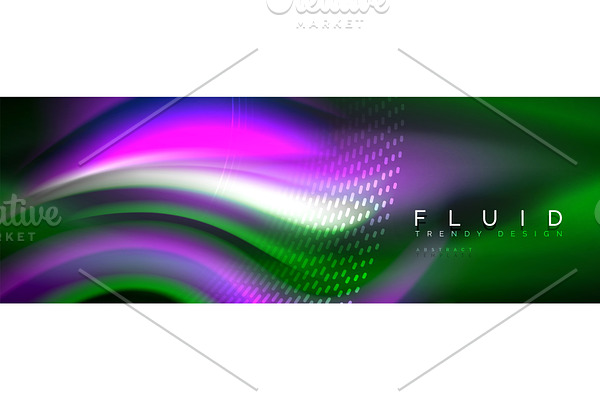 Fluid color neon wave lines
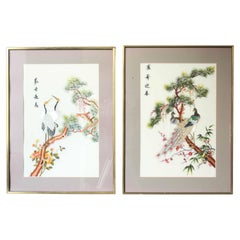 Set of 2 Framed Mid Century Asian Embroidered Textiles with Peacock and Heron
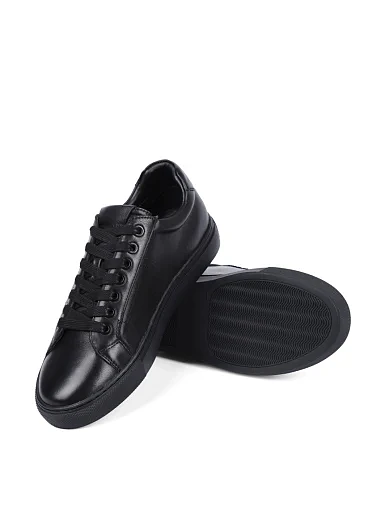 Женские кеды MIRATON кожаные черные - фото 2 - Miraton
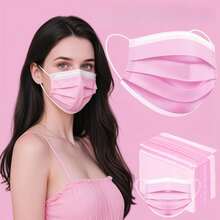 Masker Wajah Sekali Pakai Berkualitas Tinggi, 3 Lapisan Perlindungan, Klip Hidung yang Dapat Diatur - Bernapas, Lembut, Ramah Kulit, Cocok untuk Penggunaan di Rumah, Sekolah, Kantor, dan Luar Ruangan, Bahan Polipropilen, Desain Sekali Pakai - MultiWarna - View 6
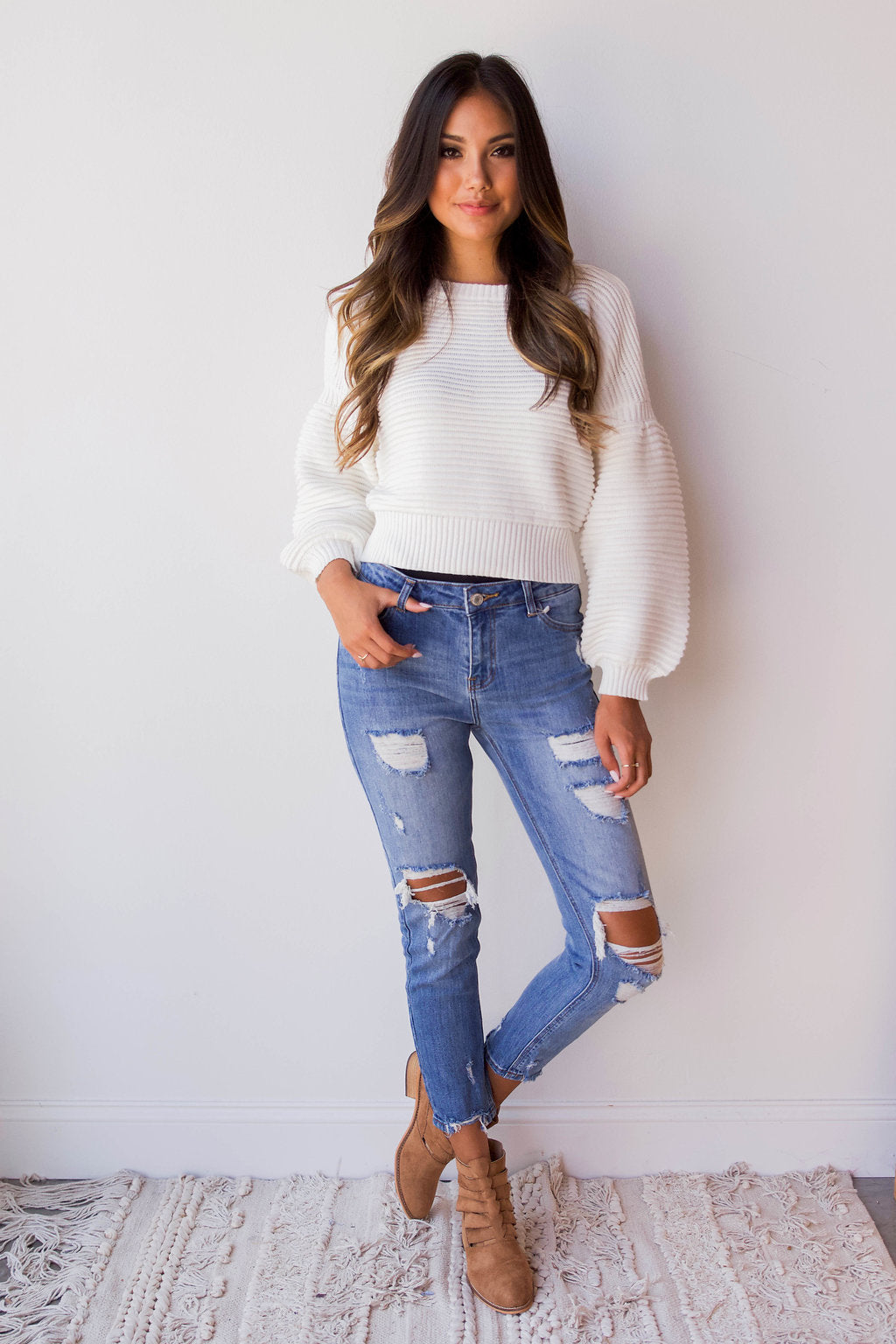 mode, ribbed cold shoulder sweater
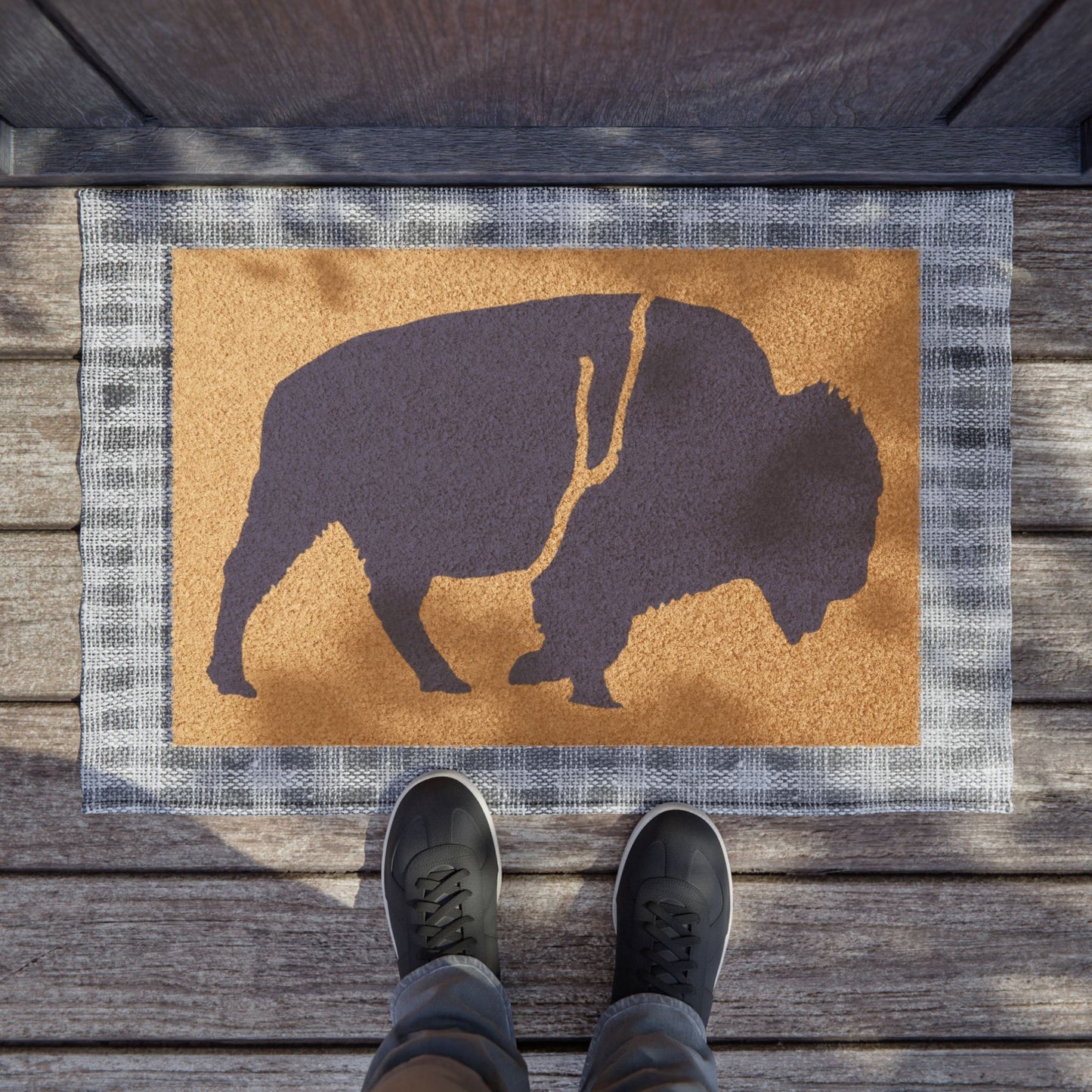 QKA Bills Silhouette Doormat, Rustic Home Decor, Front Porch Welcome Mat, Outdoor Entry Rug, Animal Lover Gift, Farmhouse Style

◆ Your task
Everything in the entries must be written out exactly; the pictures stay out.

◆ Output for this exercise
 Fluid color neon wave lines
 Set of 2 Framed Mid Century Asian Embroidered Textiles with Peacock and Heron
 Женские кеды MIRATON кожаные черные - фото 2 - Miraton
 Masker Wajah Sekali Pakai Berkualitas Tinggi, 3 Lapisan Perlindungan, Klip Hidung yang Dapat Diatur - Bernapas, Lembut, Ramah Kulit, Cocok untuk Penggunaan di Rumah, Sekolah, Kantor, dan Luar Ruangan, Bahan Polipropilen, Desain Sekali Pakai - MultiWarna - View 6
 mode, ribbed cold shoulder sweater
 QKA Bills Silhouette Doormat, Rustic Home Decor, Front Porch Welcome Mat, Outdoor Entry Rug, Animal Lover Gift, Farmhouse Style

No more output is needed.